Restraining orders are available for the following kinds of harassment:

      • Striking, shoving, kicking or otherwise subjecting another person to physical contact; abuse, sexual assault, or stalking; or attempting or threatening to do the same; or

      • Engaging in a course of conduct or repeatedly committing acts which harass or intimidate another person and which serve no legitimate purpose.

    2. Types of orders

      • A temporary order may be granted by a judge or circuit court commissioner if s/he finds reasonable grounds to believe that the abuser has intentionally harassed or intimidated the victim. The temporary order lasts for 14 days or until the full court hearing. Notice does not need to be given to the perpetrator before the judge may issue the temporary restraining order.

      • A final harassment restraining order or injunction, can be granted only after a full court hearing where the victim and abuser both get a chance to tell their sides of the story. If granted, a final harassment restraining order may last for up to 4 years.

    3. Process

      Petitioner files a petition identifying the aggressor and the conduct. There are forms available for filing at county courthouses. A judge or commissioner may issue a temporary restraining order upon filing of the petition, which is then served on respondent. Otherwise the petition is served on respondent and a full court hearing is held to assess the need for a permanent injunction.

    4. Effect

      Either order may order the perpetrator to avoid contacting or causing any person other than a party’s attorney or law enforcement officer to contact the victim without the victim’s consent, to case or avoid the harassment of another person, and/or to avoid the victim’s residence.

  3. Cases

    1. Welytok v. Ziolkowski, 752 N.W.2d 359 (Wis. App. 2008)

      • Procedural Posture: Appeal from order of injunction.

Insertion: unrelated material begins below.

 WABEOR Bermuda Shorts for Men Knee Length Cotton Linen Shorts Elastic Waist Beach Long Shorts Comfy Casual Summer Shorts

      • Law: Wis. Stat. § 813.125

      • Facts: Defendant lost in the bidding on a piece of property successfully purchased by plaintiff. In response, defendant yelled at plaintiff in a bar, called reporters and told them she was changing her name to avoid her past (a disciplinary action eight years before), sent various obnoxious emails to her husband, boss and colleagues, and showed up at an event she was promoting with flyers about the disciplinary action. Plaintiff filed for and was granted an injunction against the harassment.

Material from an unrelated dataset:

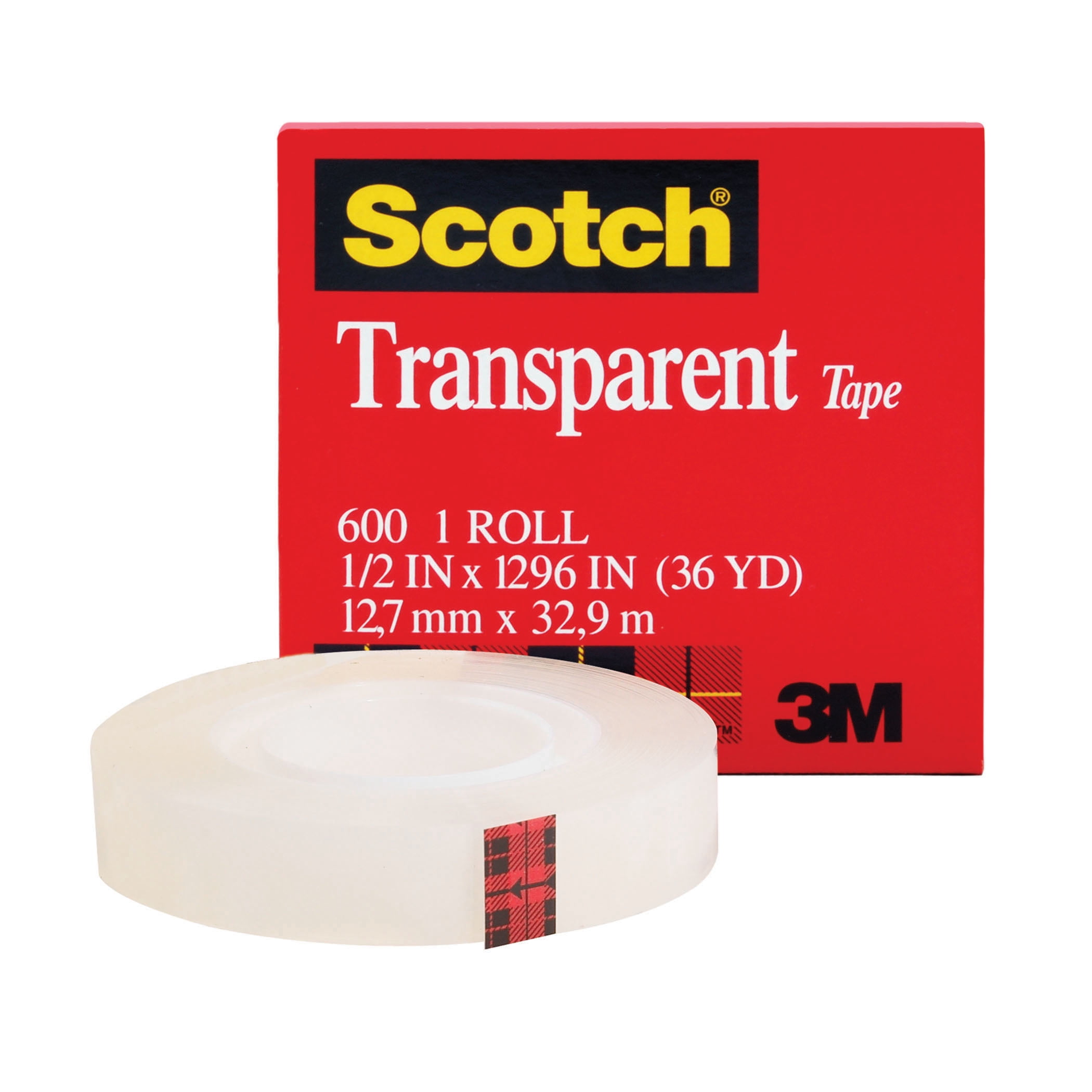 Scotch Transparent Tape Roll, 1/2" x 1296", Pack of 6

      • Outcome: The appellate court affirmed the injunction. While recognizing that it was required to be deferential to the trial court, the appellate court also found Defendant’s arguments lacking on the merits.

      • Special Notes:

        • Appeals from decisions to grant or deny injunctions are difficult to win because appellate courts heavily defer to the trial court’s decision.

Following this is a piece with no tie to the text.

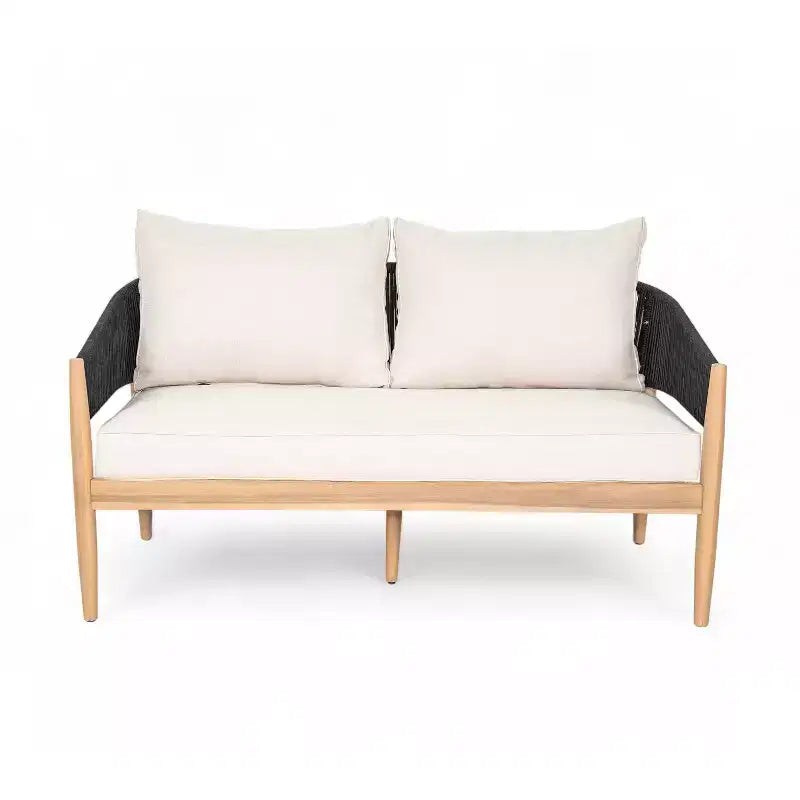 Christopher Knight Home Zill - Set moderno da 4 pezzi con sedute in legno di acacia e corda intrecciata per patio, con tavolino da caffè a doghe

        • The legitimate purpose that excuses what might otherwise be harassing conduct must exist at the time of the incident. The court rejected respondent’s attempts to “manufacture a legitimate purpose” after the fact.

        • The court had no difficulty defining conduct as harassment even though there was only one contact directly between defendant and plaintiff (the others were various attempts to embarrass her with others). Thus, a defendant’s communications with third parties still constitute harassment against the victim.

    2. Elston v. Zoellick, 351 Wis. 2d 681 (Wis. Ct. App. 2013)

      • Procedural Posture: Appeal from an order of injunction.

      • Law: Wis. Stat. § 813.125

      • Facts: Defendant was a patron at a restaurant at which plaintiff worked, and began frequenting the restaurant nearly every day plaintiff worked and inquired when she was not his server. He began to drive past her home, and inquired about plaintiff’s dating life. He followed her to her new job, and at one point, drove past her place of work six times in a 30 to 40 minute period. Plaintiff filed for and was granted an injunction, and the circuit court imposed geographical restrictions on defendant. Defendant argued on appeal that the geographic restrictions were too broad because a large swathe of his home town and a nearby town were off-limits to him.

      • Outcome: The appellate court affirmed the injunction. It found that defendant had repeatedly demonstrated that he would not abide by narrowly tailored orders, and in fact, had violated previous injunctions, and therefore a significant geographic restriction was necessary to provide plaintiff with a margin of territorial safety.